Data records:
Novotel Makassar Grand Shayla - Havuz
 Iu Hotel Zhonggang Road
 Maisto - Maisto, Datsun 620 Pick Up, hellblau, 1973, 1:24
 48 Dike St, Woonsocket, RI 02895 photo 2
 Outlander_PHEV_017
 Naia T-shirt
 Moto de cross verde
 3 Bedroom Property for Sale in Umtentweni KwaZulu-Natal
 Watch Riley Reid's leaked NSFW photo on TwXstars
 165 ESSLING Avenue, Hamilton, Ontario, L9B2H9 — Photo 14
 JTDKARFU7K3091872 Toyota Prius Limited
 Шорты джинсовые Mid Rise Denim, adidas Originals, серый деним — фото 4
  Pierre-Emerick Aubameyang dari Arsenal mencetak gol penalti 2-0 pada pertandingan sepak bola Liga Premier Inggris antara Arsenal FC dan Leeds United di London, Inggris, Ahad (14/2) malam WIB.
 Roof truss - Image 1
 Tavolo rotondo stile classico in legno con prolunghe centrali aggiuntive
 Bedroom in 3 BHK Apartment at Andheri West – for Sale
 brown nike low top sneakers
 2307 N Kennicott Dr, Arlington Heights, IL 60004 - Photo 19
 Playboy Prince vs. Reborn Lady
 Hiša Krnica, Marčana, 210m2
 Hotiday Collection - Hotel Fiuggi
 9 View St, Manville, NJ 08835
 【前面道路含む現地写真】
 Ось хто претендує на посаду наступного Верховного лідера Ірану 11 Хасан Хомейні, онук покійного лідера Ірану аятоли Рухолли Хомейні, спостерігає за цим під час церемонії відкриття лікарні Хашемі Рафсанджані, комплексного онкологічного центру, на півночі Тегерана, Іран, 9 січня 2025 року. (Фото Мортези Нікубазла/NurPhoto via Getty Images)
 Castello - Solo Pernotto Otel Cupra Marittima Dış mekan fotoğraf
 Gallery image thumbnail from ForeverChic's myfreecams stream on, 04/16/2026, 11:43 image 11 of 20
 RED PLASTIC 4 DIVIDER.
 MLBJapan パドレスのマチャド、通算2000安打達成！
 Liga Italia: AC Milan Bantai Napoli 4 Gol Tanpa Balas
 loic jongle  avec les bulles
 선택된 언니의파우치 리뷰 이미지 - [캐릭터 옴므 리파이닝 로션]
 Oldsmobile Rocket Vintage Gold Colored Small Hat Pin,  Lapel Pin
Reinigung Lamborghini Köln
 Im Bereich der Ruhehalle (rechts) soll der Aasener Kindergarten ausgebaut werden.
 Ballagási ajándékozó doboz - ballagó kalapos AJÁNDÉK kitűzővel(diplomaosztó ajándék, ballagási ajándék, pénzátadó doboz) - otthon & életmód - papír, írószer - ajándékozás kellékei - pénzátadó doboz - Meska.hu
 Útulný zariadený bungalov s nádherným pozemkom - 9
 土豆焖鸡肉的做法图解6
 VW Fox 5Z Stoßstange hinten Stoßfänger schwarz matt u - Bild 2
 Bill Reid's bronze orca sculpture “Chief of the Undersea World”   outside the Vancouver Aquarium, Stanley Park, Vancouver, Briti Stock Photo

Work required:
Look above for the line holding "Castello - Solo". Print it and every line after it, exactly, through the line holding "VW Fox 5Z Stoßstange".

Solution to the exercise:
 Castello - Solo Pernotto Otel Cupra Marittima Dış mekan fotoğraf
 Gallery image thumbnail from ForeverChic's myfreecams stream on, 04/16/2026, 11:43 image 11 of 20
 RED PLASTIC 4 DIVIDER.
 MLBJapan パドレスのマチャド、通算2000安打達成！
 Liga Italia: AC Milan Bantai Napoli 4 Gol Tanpa Balas
 loic jongle  avec les bulles
 선택된 언니의파우치 리뷰 이미지 - [캐릭터 옴므 리파이닝 로션]
 Oldsmobile Rocket Vintage Gold Colored Small Hat Pin,  Lapel Pin
Reinigung Lamborghini Köln
 Im Bereich der Ruhehalle (rechts) soll der Aasener Kindergarten ausgebaut werden.
 Ballagási ajándékozó doboz - ballagó kalapos AJÁNDÉK kitűzővel(diplomaosztó ajándék, ballagási ajándék, pénzátadó doboz) - otthon & életmód - papír, írószer - ajándékozás kellékei - pénzátadó doboz - Meska.hu
 Útulný zariadený bungalov s nádherným pozemkom - 9
 土豆焖鸡肉的做法图解6
 VW Fox 5Z Stoßstange hinten Stoßfänger schwarz matt u - Bild 2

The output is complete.